Ink and media development for the HP PaintJet Printer - systemic development necessary due to complex interaction between elements

Hewlett-Packard Journal, August, 1988 by Donald J. Palmer, John Stoffel, Ronald J. Selensky, Peter C. Morris, M. Beth Heffernan, Mark S. Hickman

Ink and Media Development for the HP PaintJet Printer

THE DESIGN OF INK, paper and overhead transparency film for the PaintJet Color Graphics Printer required substantial interaction between the ink, media, print cartridge, and product teams. Throughout the program, design issues were approached from a system perspective so that the best overall performance and reliability could be achieved.

Ink Design

The PaintJet printer combines black, magenta, yellow, and cyan ink drops in a 2 X 2-pixel cell to generate a palette of 330 different colors. The inks are composed of a solvent carrier (vehicle) and a colorant (dye). The vehicle functions to provide the essential thermodynamic, kinetic, and fluid properties required to generate a superheated vapor bubble and eject a drop. Additionally, the vehicle acts as a carrier for the dye, bonding it onto the surface media (paper or film) with the necessary spot diameter and permanence to meet user needs for print quality.

The vehicle is a combination of water and hydroxylated alkyl ethers and the dyes are organic compounds that have been solubilized in the vehicle using sulfonates and monovalent species such as Li.sup. and Na.sup. , or cationic organic amines.

The inks have many chemical and physical requirements. They must withstand changes in pH, suppress bacterial and fungal growth, resist decomposition, and have chemical compatibility with the material set used in the print cartridge. Additionally, the ink must exhibit little change in its physical properties as a result of evaporation of the vehicle solvent, which can affect viscocity, wettability, and surface tension.

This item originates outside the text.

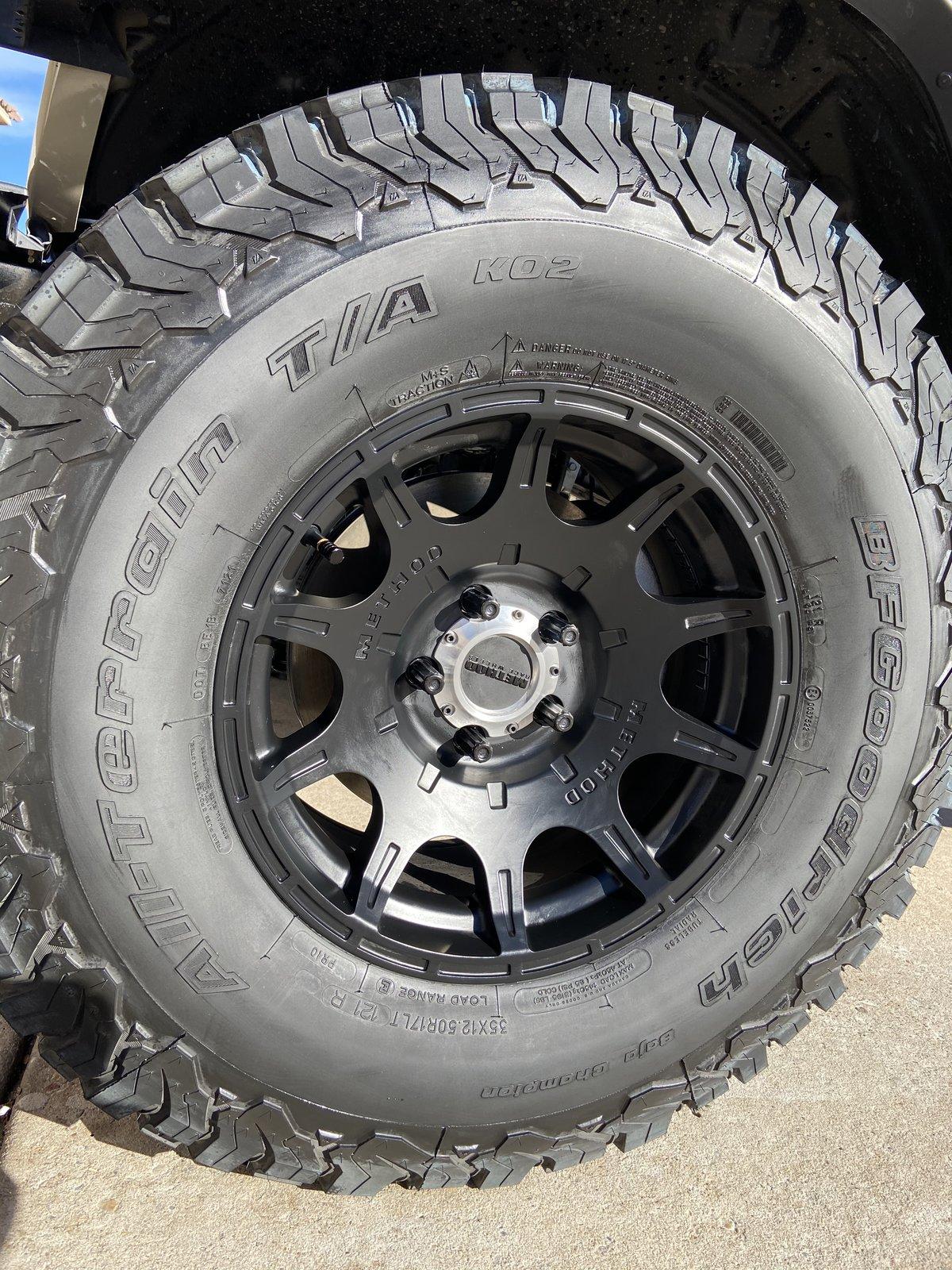 Jeep Gladiator My Gobi Tan Sport S AA2996F0-2B34-4D1A-AEB1-7EC15740727A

This is important to maintain drops that are ejected with controllable volumes, velocities, and shapes.

During the firing of a drop, the layer of ink covering the surface of the heating element can reach a temperature of about 340[deg.]C. At this temperature, the decomposition of ink can deposit residue on the surface of the heating element, a process known as kogation. Kogation affects the volume, shape, and velocity of the ejected drop, causing the quality of the printed output to vary. Consequently, it is essential to design an ink that resists such decomposition over the useful life of the print cartridge.

The residue from kogation was found to be largely carbonaceous with varying amounts of dye and inorganic salts included in the carbon matrix. In the PaintJet printer, kogation was eliminately by careful selection of vehicle solvents, dyes, and electrical drive characteristics.

Impurities introduced into the ink from the vehicle components, dyes, or other additives can also cause kogation. Therefore, all of the constituents used in the PaintJet ink are purified.

Prevention of Clogging

Traditionally, clogging of the pen has been the biggest complaint of the inkjet printer user. With closer inspection, the types of clogging can be divided into two categories. First, a soft plug can occur, causing the initial droplets to be missing. Second, a hard plug can form, requiring the customers to clear an obstructed nozzle.

The root of the clogging problem lies in the exposure of the ink to air. In a roller-ball or felt-tip pen, the ink is protected against exposure to air by a tight cap. A tight cap could not be used in the PaintJet printer because of the position of the interconnect and the potential problem of forcing air into the nozzle. Therefore, the ink is exposed to air and the water component of the vehicle does evaporate. Consequently, the concentration of dye and cosolvent (nonvolatile component of the vehicle) can increase dramatically at the ink/air interface.

This rise in dye and cosolvent concentration causes the customer to experience clogging by two different mechanisms. First, the viscosity increase in the orifice, caused by increased dye and cosolvent concentration, can prevent the ink droplet from being ejected. This soft plug can usually be cleared by repeated firing of the pen, but the initial characters printed would be misformed or missing (Fig. 1). This condition is especially prevalent under cold and low-humidity conditions. Evaporation of water from the orifice can also cause a hard plug to develop at the ink/air interface and prevent the ink droplet from being ejected. This hard plug (crusting) forms as the dye crystallizes out of solution because of the increased dye concentration and the change in the vehicle composition (less water and more cosolvent) at the ink/air interface (see Figs. 2 and 3).

In the development of the PaintJet inks, a hard plugging problem was experienced with the black ink. Lowering the dye concentration would solve this problem, but he printed image would suffer a loss in optical density. Increasing the initial cosolvent concentration would reduce the increase in dye concentration near the orifice, but would increase the viscosity of the ink, which could actually increase the amount of viscous plugging, force a design change in the pen, or create problems in media development. Still another solution to the crusting problem would be to increase the solubility black dye. Increased solubility would keep the dye in solution as its concentration increased as a result of water evaporation.